NEW YORK (Reuters) - Nearly 70 percent of Americans believe traditional journalism is out of touch, and nearly half are turning to the Internet to get their news, according to a new survey.
While most people think journalism is important to the quality of life, 64 percent are dissatisfied with the quality of journalism in their communities, a We Media/Zogby Interactive online poll showed.
"That's a really encouraging reflection of people who care A) about journalism and B) understand that it makes a difference to their lives," said Andrew Nachison, of iFOCOS, a Virginia-based think tank which organized a forum in Miami where the findings were presented.
Nearly half of the 1,979 people who responded to the survey said their primary source of news and information is the Internet, up from 40 percent just a year ago. Less than one third use television to get their news, while 11 percent turn to radio and 10 percent to newspapers.
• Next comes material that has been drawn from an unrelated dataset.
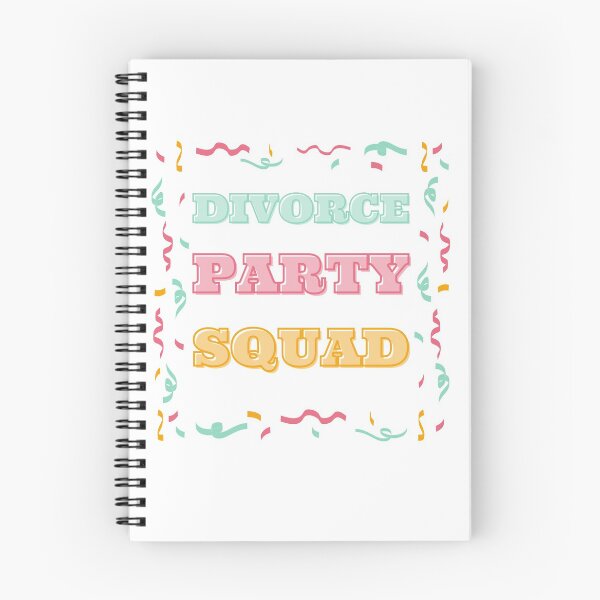 Item preview, Divorce Party Squad - Divorcee End of Marriage designed and sold by MDji-shop.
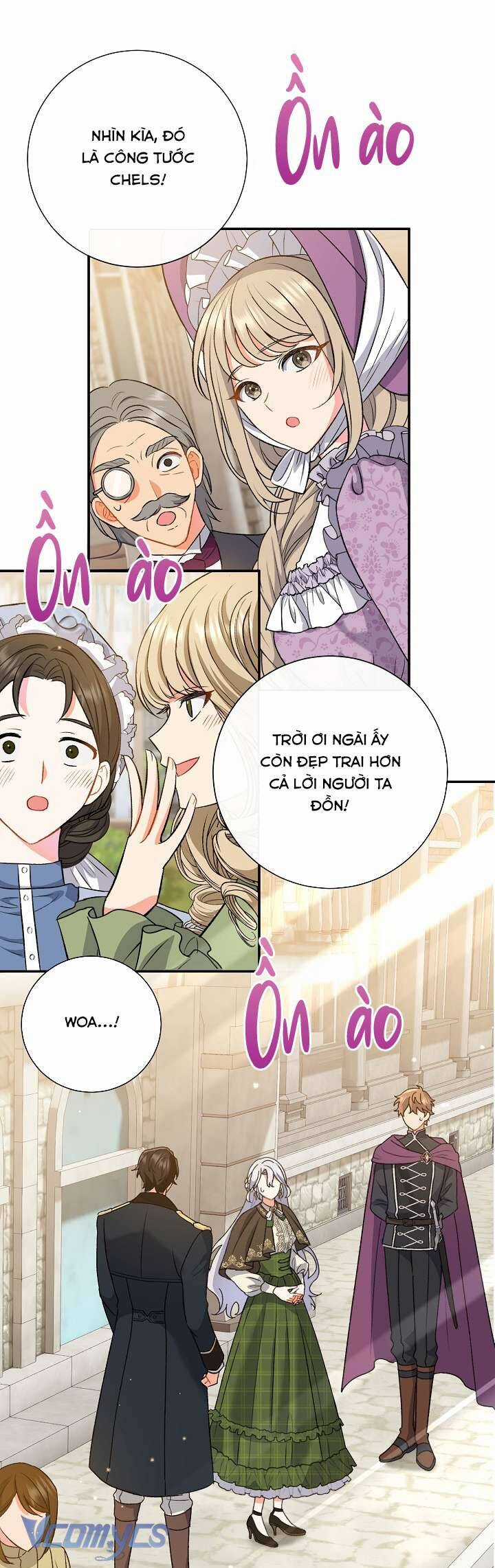 Người Xem Mắt Của Ác Nữ Quá Hoàn Hảo Chương 9 trang 2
More than half of those who grew up with the Internet, those 18 to 29, get most of their news and information online, compared to 35 percent of people 65 and older. Older adults are the only group that favors a primary news source other than the Internet, with 38 percent selecting television.
Howard Finberg, of the Poynter Institute in St. Petersburg, Florida, said the public often doesn't understand that the sources they are accessing online such as Google News and Yahoo News pull stories from newspapers, television, wire services and other media sources.
"It's delivered in a non-traditional form, that doesn't necessarily mean there isn't traditional journalism underneath it," he explained.
But Finberg said the study does support the belief among many large media companies that focusing on local issues is important to their journalistic and economic survival.